Brion Vibber wrote:
Browne is mysteriously down for the moment. An initial
reboot got it
running again; Tim has some syslog bits he could probably post here
about some sort of problem. Apparently it went down again shortly
thereafter, and my attempt to power cycle it didn't get it back, at
least not back on the network.
I don't have the whole thing, just the few lines I posted to IRC at the
time.
First, the log showed squid operating normally. Then it died, with this
sort of thing being written to the log:
Apr 26 01:43:18 browne kernel: Slab corruption: start=295d1894, len=504
Apr 26 01:43:18 browne kernel: Redzone: 0x5a2cf071/0x5a2cf071.
Apr 26 01:43:18 browne kernel: Last user:
[<02185132>](destroy_inode+0x36/0x45)
Apr 26 01:43:18 browne kernel: 030: 6b 6b 6b 6b 6b 6b 6b 6b 6b 6b 6b 6b
cc 1c 5d 29
Apr 26 01:43:18 browne kernel: Prev obj: start=295d1690, len=504
Then shortly afterwards, the squid automatically came back on with a
different PID. Kernel messages such as the following were displayed:
Apr 26 01:44:28 browne kernel: slab: Internal list corruption detected
in cache 'dentry_cache'(14), slabp 64c7f000(12). Hexdump:
...
Apr 26 01:44:28 browne kernel: invalid operand: 0000 [#1]
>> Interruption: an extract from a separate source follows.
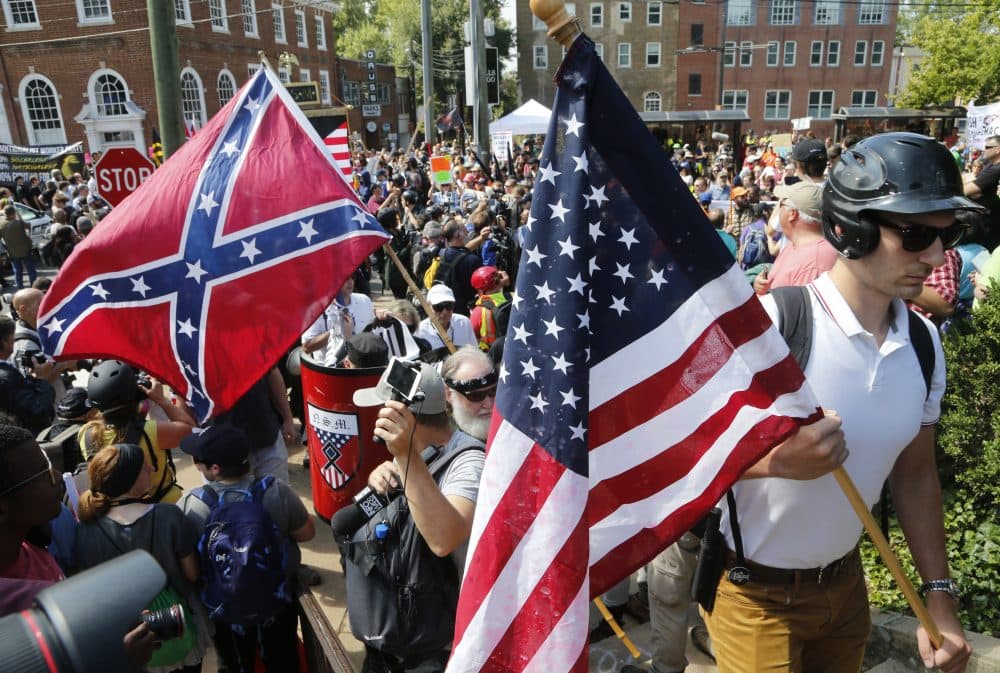 White nationalist demonstrators walk into Lee park surrounded by counter demonstrators in Charlottesville, Va., Saturday, Aug. 12, 2017. (Steve Helber/AP)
The server was contactable for some time after the squid restart, maybe
10 minutes. Then it stopped responding to ganglia, ssh or HTTP requests.
It was, however, still pingable. The system log during this time showed
crond causing a kernel error like the one above, once every minute.
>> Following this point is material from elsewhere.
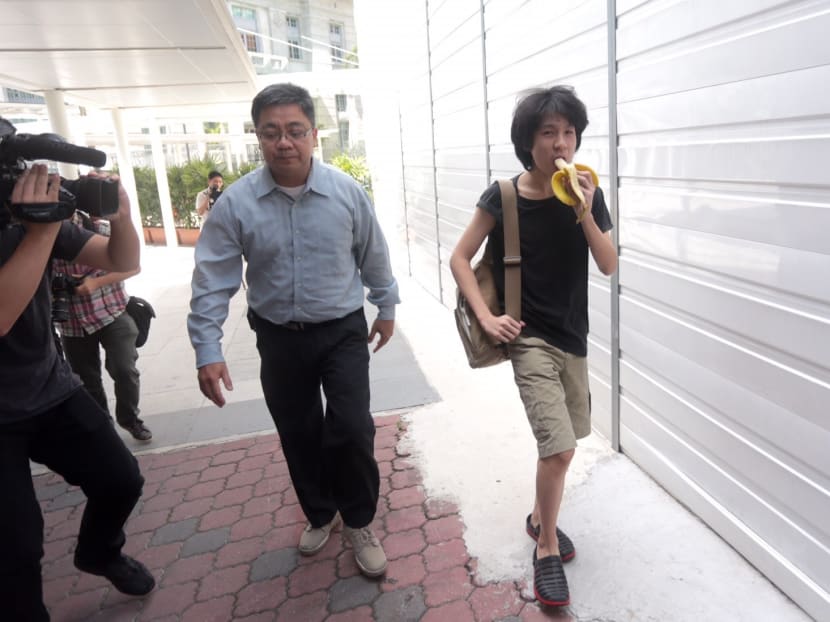 Amos Yee eating a banana as he enters the State Courts with his father for his pre-trial conference on April 17, 2015. Photo: Jason Quah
There was no other visible activity. This situation continued until the
machine was power-cycled.
I don't know enough about the kernel to speculate on what went wrong on
the basis of these logs.
After the restart, browne came back on and worked properly for about an
hour, before dying again as Brion described. It is currently not
responding to ping.
-- Tim Starling